模型訓練sklearn包:決策樹,隨機森林,極端隨機森林,多層感知機,lgb,xgb,GBDT,邏輯回歸等等好的機器學習演算法

import csv
import os

import numpy as np
import pandas as pd
from lightgbm import LGBMRegressor
from ngboost import NGBoost
from ngboost.distns import Normal
from ngboost.learners import default_tree_learner
from ngboost.scores import MLE
from sklearn import linear_model
from sklearn.ensemble import GradientBoostingRegressor, RandomForestRegressor, ExtraTreesRegressor, AdaBoostRegressor
from sklearn.metrics import mean_squared_error, mean_absolute_error
from sklearn.model_selection import GridSearchCV
from sklearn.svm import LinearSVR, SVR
from sklearn.tree import DecisionTreeRegressor
from xgboost import XGBRegressor
from catboost import CatBoostRegressor


def writeOneCsv(relate_record, src):
    try:
        with open(src, 'a', newline='\n') as csvFile:
            writer = csv.writer(csvFile)
            writer.writerow(relate_record)
        # csvFile.close()
    except Exception as e:
        print(e)
        print(relate_record)
        # writeCsvGBK(relate_record,bus)

os.chdir(r'E:\project\python\jianguiyuan\data\\')
src = r'E:\專案檔案\水電站流量預測\data\important\調參記錄\\'
hour = [0, 0.14285714285714285, 0.2857142857142857, 0.4285714285714285, 0.5714285714285714, 0.7142857142857143,
        0.8571428571428571, 0.9999999999999999]

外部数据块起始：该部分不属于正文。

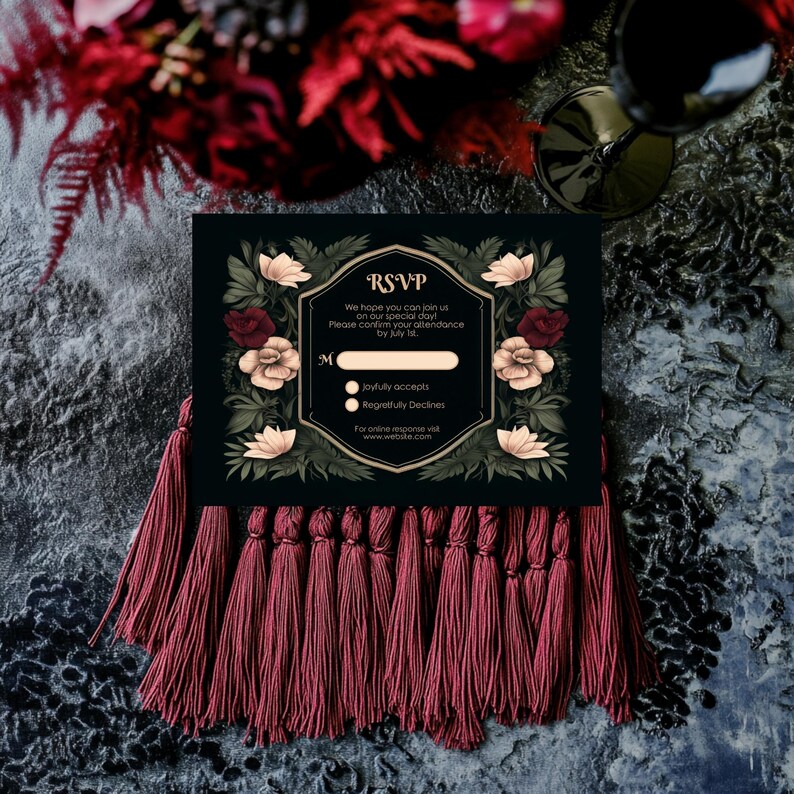 May include: Black RSVP card with gold trim and floral design. The card has a tassel border and the text "RSVP" in gold lettering. The text reads "We hope you can join us on our special day. Please confirm your attendance by July [blank space]" with two options: "joyfully accepts" and "Regretfully Declines". The card also includes the text "For online response visit www.website.com".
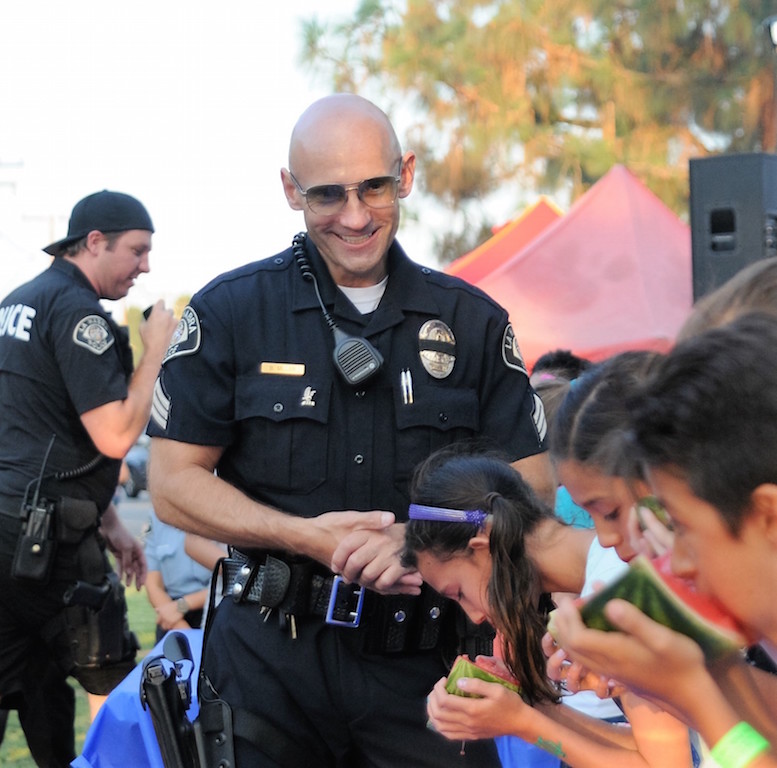 La Habra PD Sergeant Brian Miller seemed to enjoy his role as a judge for the watermelon eating contest at National Night Out, held  Aug. 2 at Portola Park. Photo by Lou Ponsi/Behind the Badge OC 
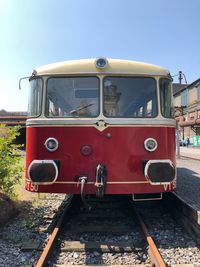 Train on railroad track against sky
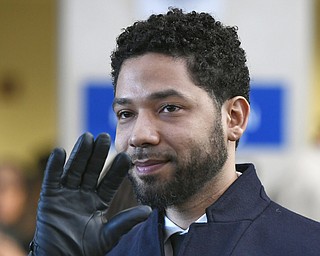 Actor Jussie Smollett smiles and waves to supporters before leaving Cook County Court after his charges were dropped in Chicago. A deadline is looming for Smollett to pay over $130,000 to Chicago to cover part of the costs of an investigation into his report of a racist, anti-gay attack or risk getting slapped with a civil lawsuit. Thursday is seven days since Mayor Rahm Emanuel's law department sent the "Empire" a March 28 letter demanding he writes them a money order or cashier's check for $130,106, plus 15 cents. It said he had seven days.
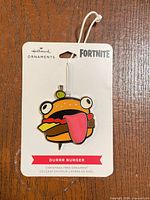 Front view of Hallmark Fortnite Durrr Burger ornament on backing card
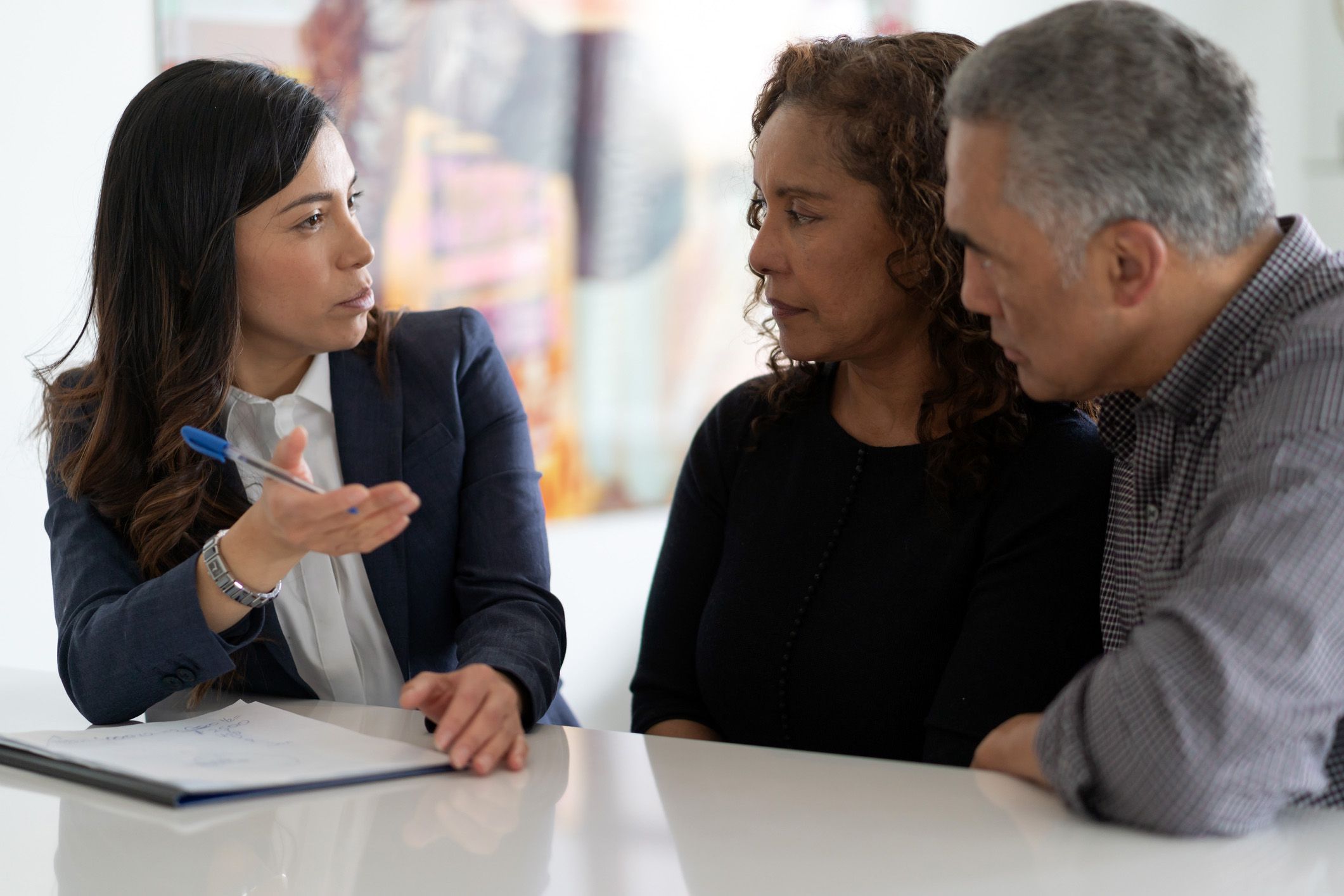 mature couple speaking to accountant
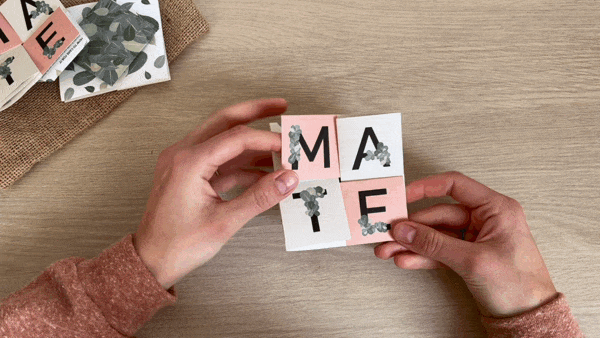 An animated GIF of hands unfolding the Yerba Mate Set companion leaflet, revealing each folded section in turn
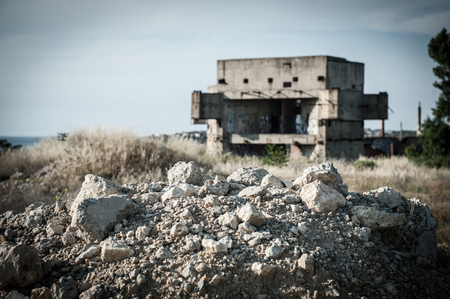 ruins of building construction in war conflict or natural disaster zone with copyspaceの写真素材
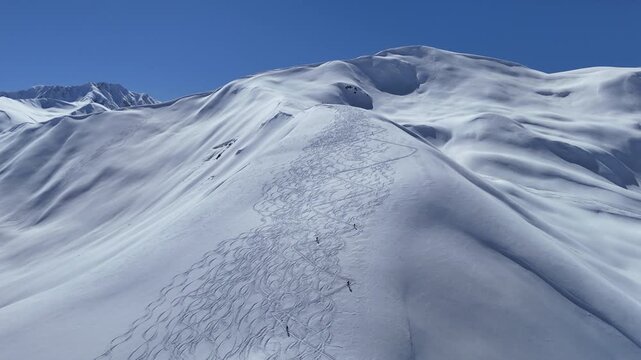 Aerial drone footage follows a group of ski tourers ascending a snow-covered ridge toward the summit, with numerous ski tracks visible across the surrounding alpine slopes near Ushguli in the Caucasus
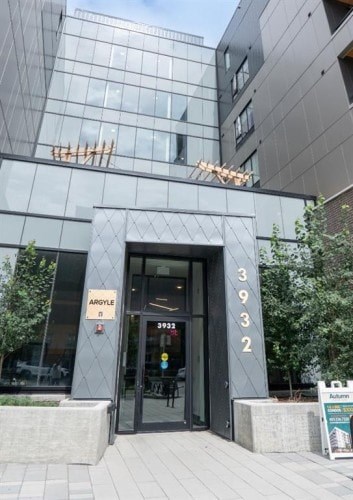 The number 3932 is displayed on the front door of a building.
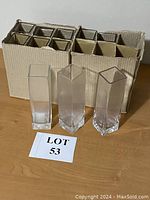 Three clear glass vases in front of cardboard box, showing rectangular and square shapes.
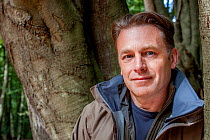 Naturalist and presenter Chris Packham during filming of the BBC programme &#39;Animals Guide to Britain&#39;, Epping Forest, UK. 2010.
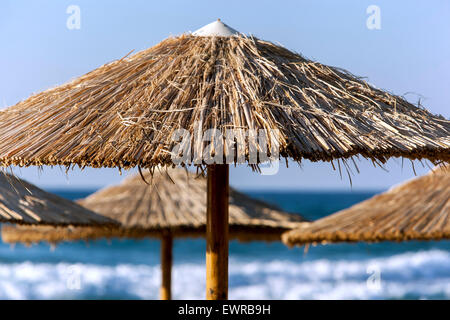 Straw beach umbrella on Rethymno Crete beach Greece Europe Stock Photo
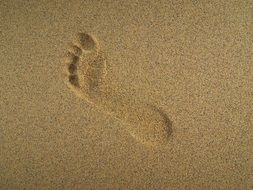 human footprint on yellow sand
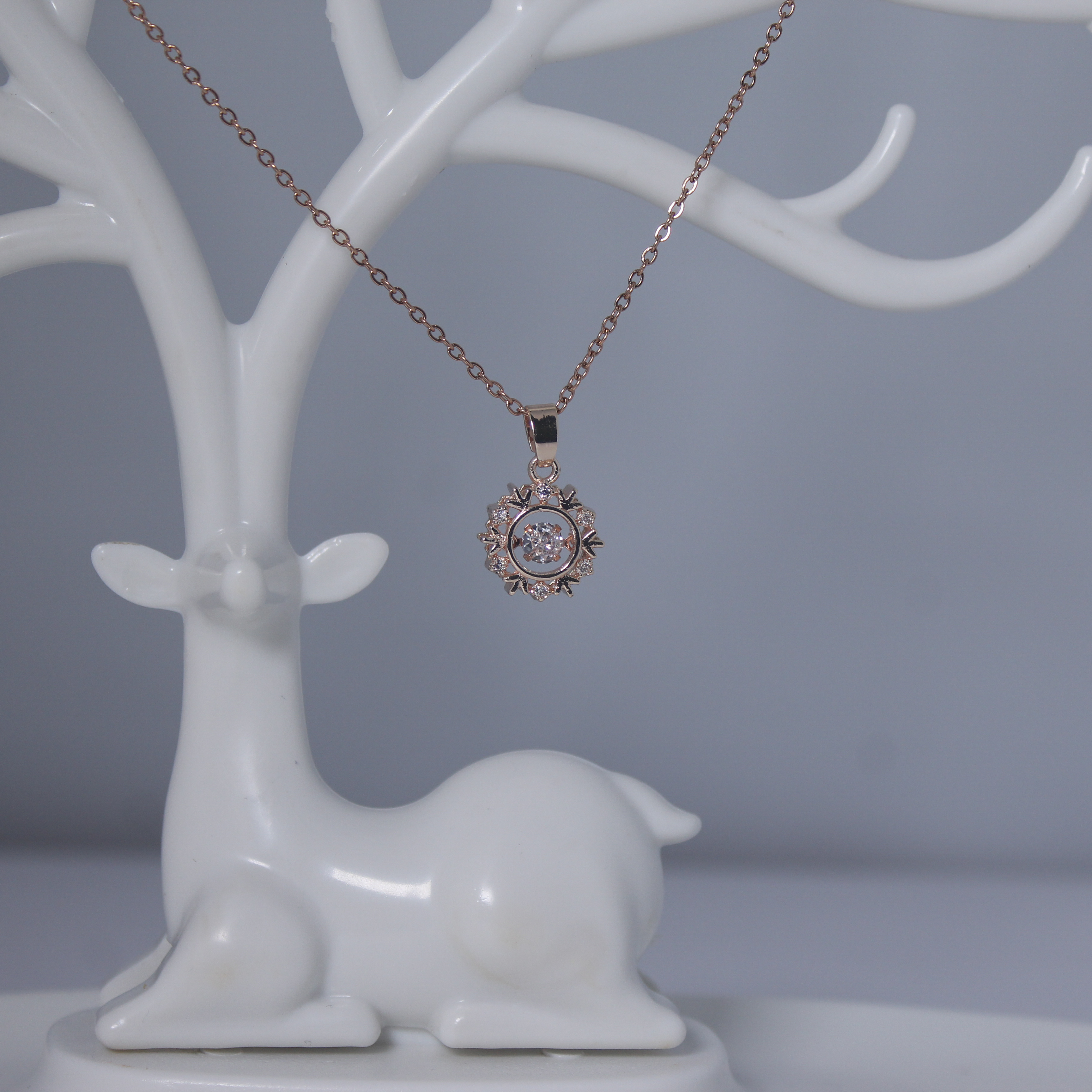 Rose gold anti tarnish necklace with a diamond pendant on a white ceramic deer stand against a gray background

def submission_predict(model):
    for m in [0, 1, 2]:
        print(m + 1)
        x_test1 = test12()[m].reshape(1, 12)
        x_test_d = get_test()[7 * m:7 * (m + 1), ]
        vec = [m + 1]
        for i in range(0, 7):
            x_test1[0, 5:10] = x_test_d[i]
            for n in hour:
                x_test1[0][11] = n
                pred = model.predict(x_test1)
                print(pred[0])
                x_test1[0][4] = x_test1[0][3]
                x_test1[0][3] = x_test1[0][2]
                x_test1[0][2] = x_test1[0][1]
                x_test1[0][1] = x_test1[0][0]
                x_test1[0][0] = pred[0]
                x_test_list = x_test1[0].tolist()
                writeOneCsv(x_test_list, 'x_test_cnn12_' + str(m + 1) + '.csv')
                vec.append(pred[0])
        writeOneCsv(vec, 'lstm_submission.csv')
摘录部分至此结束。